Residents of Newman, Gustine and surrounding areas are among those who have been impacted by higher-than-normal mosquito populations through the early summer, said David Heft, general manager of the Turlock Mosquito Abatement District, and Rhiannon Jones, general manager of the Merced County Mosquito Abatement District.

Heft and Jones each attributed high river levels - and the standing water left behind when the rivers recede - as being key contributors to the abundance of mosquitoes.

“We have been out there via ground and aerial applications, but it seems to only make a dent,” Jones commented. “Our pilot says that from the air, the water conditions look worse than when we were asking for FEMA funding in 2017 during the flooding.”

Jones said that the Merced County district has been using ground-based spray units to treat in Gustine, while conducting aerial applications over rural areas. Aircraft will be used to spray cities only if vector-born diseases such as West Nile Virus are detected, she noted.

Heft said the early season has been challenging on the West Side of Stanislaus County as well.

While the nearby river levels have receded, Heft told Mattos Newspapers, they have left behind mosquito-prone areas encompassing thousands of acres of land in Merced and Stanislaus counties.

“That is what we have been dealing with for the last month and a half,” Heft commented. “Usually when we have river flooding, it is gone by June. This is unique in that we have flooding and we are coming into July. The high numbers of acreage flooded and the warmer temperatures have created a perfect storm (for mosquito reproduction).”

The good news, Heft said, is that mosquito populations are coming down.

Heft said the Turlock district plans to begin aerial missions this week, coinciding with the start of its fiscal year, in combination with ground-based spraying.

“Our trapping has shown that mosquito levels have gone down tremendously. I think that after we get the airplane things should be back to normal,” he commented. “That is dependent on river levels staying low. If they do a big release of water, that is going to flood everything again and we are going to be back to square one.”

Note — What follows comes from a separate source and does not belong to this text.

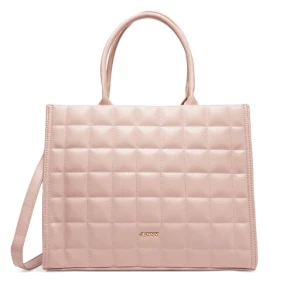 Torebka JENNY C-JNY-M-010-08 Różowy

The mosquitoes which have been plaguing the West Side through early summer have been of the Aedes variety, Heft noted.

Those mosquitoes do not tend to carry viruses such as West Nile, he explained, but are active in the daytime and are aggressive biters.

“A lot of the mosquitoes that people have been having problems with are the Aedes. Those mosquitoes, when they are active, generate a lot of calls,” Heft explained.

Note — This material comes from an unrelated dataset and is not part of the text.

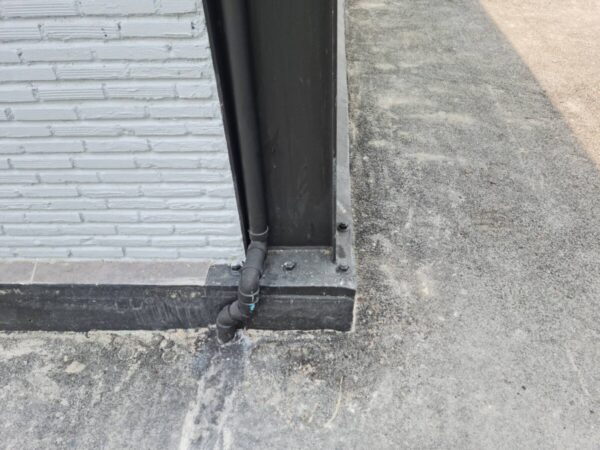 โชว์รูมมอเตอร์ไซด์ HW-HC 22x35x6 เมตร - Image 8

As summer progresses, Jones and Heft said, the threat of West Nile Virus becomes a greater concern.

Jones said temperatures in excess of 90 degrees speeds up the reproductive cycles of mosquitoes, which can go from egg to adult in less than five days, and also amplifies virus activity.

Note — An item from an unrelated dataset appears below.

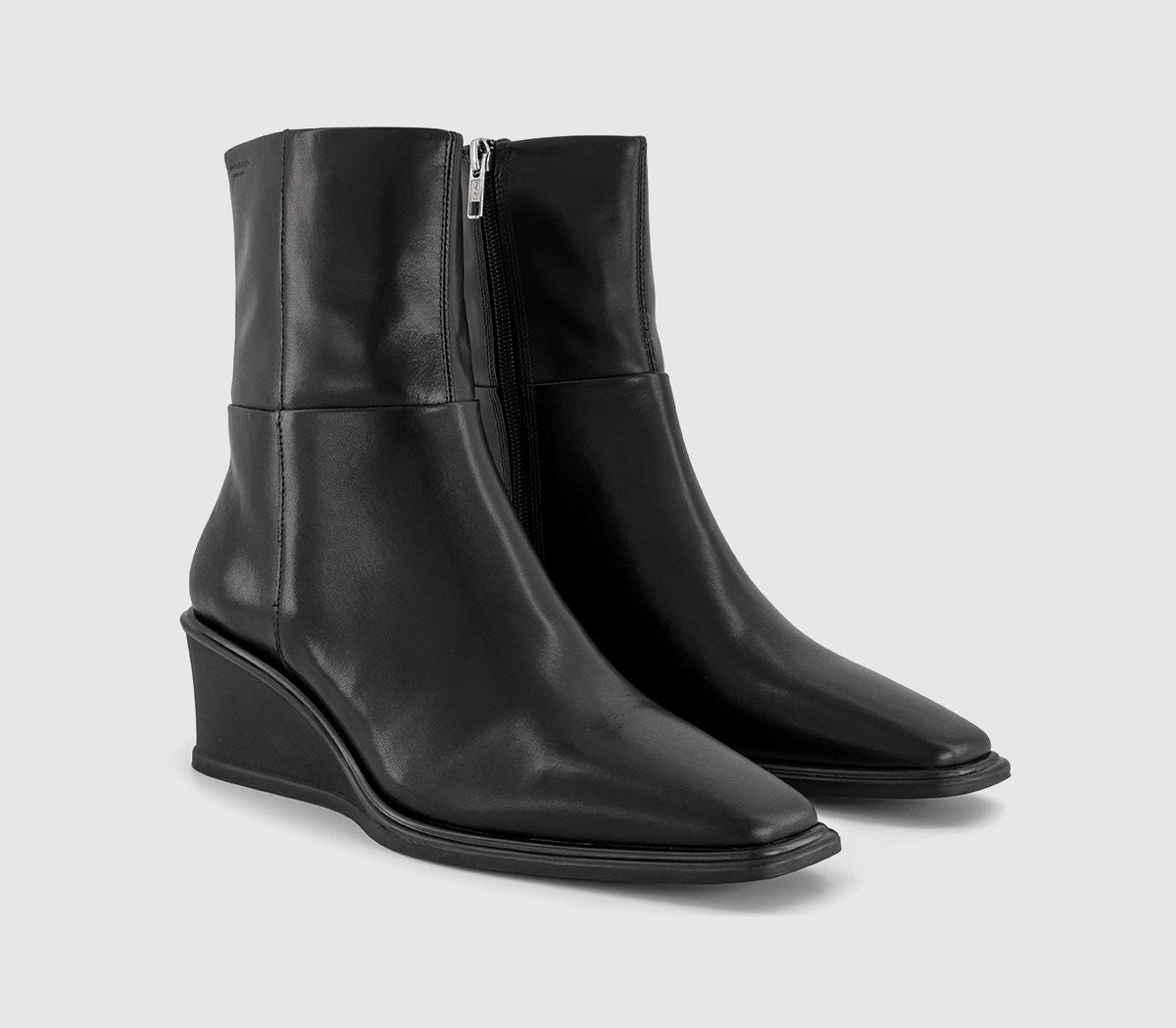 Vagabond ShoemakersAino Ankle Boots Vagabond ShoemakersAino Ankle BootsBlack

Jones reported Monday that a mosquito sample collected in the Winton area has tested positive for West Nile. That is the first detection of the virus in Merced County this year.

Mosquitoes of the Culex variety are those which carry the virus and would be more common than the Aedes in a typical year, Heft added. Those mosquitoes are usually more active at dawn and dusk.

“(Aedes) have dropped way down. Our concern now is more the Culex mosquitoes,” he explained.

Residents play a crucial role in containing mosquito populations by eliminating standing water in which mosquitoes can breed, Heft and Jones emphasized.

People are also cautioned to avoid being outside at dawn and dusk, use repellent containing an approved active ingredient such as DEET, and wear protective clothing if outside when mosquitoes are active.

Residents may track scheduled spraying applications and submit service requests through the websites of their respective abatement district.

The participation of the public in eliminating breeding sources and reporting mosquito problems is essential to the efforts of the abatement districts to keep the insects in check, Jones emphasized.